Vasconcellos (2007) enfoca que, “o movimento de democratização e qualificação da educação é um amplo e complexo processo, que tem como meta a mudança da prática em sala de aula e na escola”. Ele também salienta que:
É importante a equipe trabalhar suas expectativas e preconceitos. Partindo da realidade do grupo, ver quais suas preocupações e começar por aí [...] com um enfoque novo, buscando estabelecer uma interação (dialética de continuidade- ruptura), procurando localizar qual o “ponto de contato” com o grupo (VASCONCELLOS, 2007, p. 56).
A qualidade educacional está intimamente relacionada com o grau de afinidade que o grupo de trabalho possui. É preciso que as metas sejam bem esclarecidas, que se saiba aonde se quer chegar para que as estratégias traçadas conjuntamente auxiliem no percurso e o
objetivo seja alcançado. Esse processo não é simples, requer foco no diálogo e no compartilhamento de ações diárias da escola.
Para aferir o nível de qualidade de uma escola não basta apenas verificar o desempenho dos estudantes através de avaliações externas, por exemplo, porque a qualidade dos resultados de aprendizagem não só está relacionada ao cognitivo, mas também ao afetivo, ao ético, ao estético.

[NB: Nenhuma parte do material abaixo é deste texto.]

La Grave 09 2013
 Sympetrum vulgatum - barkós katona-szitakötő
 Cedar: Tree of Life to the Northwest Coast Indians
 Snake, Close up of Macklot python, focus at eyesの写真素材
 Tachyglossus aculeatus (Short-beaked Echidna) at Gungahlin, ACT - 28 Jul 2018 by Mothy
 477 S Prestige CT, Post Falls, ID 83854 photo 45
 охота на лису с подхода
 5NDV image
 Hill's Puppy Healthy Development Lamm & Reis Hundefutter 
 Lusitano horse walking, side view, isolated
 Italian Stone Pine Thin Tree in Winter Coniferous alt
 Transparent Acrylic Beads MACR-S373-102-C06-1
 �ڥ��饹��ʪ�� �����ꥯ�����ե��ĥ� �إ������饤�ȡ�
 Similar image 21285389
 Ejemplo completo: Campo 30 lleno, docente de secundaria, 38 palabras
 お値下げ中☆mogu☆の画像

É no PPP da escola que está presente à articulação entre as atividades fins e as atividades meio em prol da qualidade educacional. A organização das atividades pedagógicas, um dos objetivos do documento, é que norteia os objetivos educacionais visando à qualidade.
Segundo Veiga (2002)
O projeto político-pedagógico, ao se constituir em processo democrático de decisões, preocupa-se em instaurar uma forma de organização do trabalho pedagógico que supere os conflitos, buscando eliminar as relações competitivas, corporativas e autoritárias, rompendo com a rotina do mando impessoal e racionalizado da burocracia que permeia as relações no interior da escola, diminuindo os efeitos fragmentários da divisão do trabalho que reforça as diferenças e hierarquiza os poderes de decisão. (VEIGA, 2002, p. 13)
O PPP norteia as ações pedagógicas e democráticas da escola. O principal objetivo é tornar acessível a todos que fazem a escola, a logística que faz parte da rotina escolar, estreitando os sentimentos de autoritarismo e alargando o princípio da coletividade.